On the other hand, Google's KeyCzar's Python bindings treat all cryptographic inputs as byte buffers, and all cryptographic outputs as Base64 strings. The Java bindings have overloaded method calls that input bytes and output bytes, input Strings and output Base64 strings, and input byte buffers and output byte buffers. Keys are managed out-of-process by a command-line tool that stores keys internally with metadata about their acceptable uses (a protected key store is something an extremely-high-level crypto library should provide).

I'm not sure what that points to other than: other libraries have approached this in various ways, and there's no well-trod ground here.

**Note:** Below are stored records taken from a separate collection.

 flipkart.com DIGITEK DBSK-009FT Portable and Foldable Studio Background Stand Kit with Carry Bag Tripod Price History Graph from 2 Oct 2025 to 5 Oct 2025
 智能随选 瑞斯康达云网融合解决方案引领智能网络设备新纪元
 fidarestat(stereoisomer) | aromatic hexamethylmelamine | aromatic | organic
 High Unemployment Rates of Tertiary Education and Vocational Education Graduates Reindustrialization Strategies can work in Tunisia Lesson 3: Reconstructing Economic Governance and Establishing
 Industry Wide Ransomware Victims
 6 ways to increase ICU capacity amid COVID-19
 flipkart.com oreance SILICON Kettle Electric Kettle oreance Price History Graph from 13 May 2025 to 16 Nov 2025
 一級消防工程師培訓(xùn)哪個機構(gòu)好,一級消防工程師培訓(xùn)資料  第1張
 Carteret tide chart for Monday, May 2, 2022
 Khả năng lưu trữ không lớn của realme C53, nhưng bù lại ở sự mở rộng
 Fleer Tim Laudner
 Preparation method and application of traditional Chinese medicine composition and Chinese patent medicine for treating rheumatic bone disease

tarcieri · 2013-03-14T21:22:29Z

Well, I'm afraid we'll have to agree to disagree. That said, RbNaCl is shipped, the API is 1.0, and I'd like to honor Semantic Versioning if possible. If the encoding API were to be removed (which I probably wouldn't agree with) it would have to be in version 2.0. So if discussion of shipping RbNaCl 2.0 comes up, that would be the time to broach the issue. Feel free to reopen this ticket at this time. I'm afraid you've missed the window here though.

Exposing concepts like PKCS5 and HMAC to novices is the wrong way to go in my opinion

PKCS5 is perhaps a bit obsolete, but it's a very important feature (used by Rails among other things). JRuby recently vendored Krypt to provide PKCS5 support to Rails. Sodium will ship the PHC winner... how is it any different from that besides PKCS5 being a NIST standard (and a bit of a build-your-own PHF toolkit instead of a standard like PHC)?

HMAC is definitely useful to end-users as the symmetric equivalent of digital signatures. djb saw fit to include it in NaCl.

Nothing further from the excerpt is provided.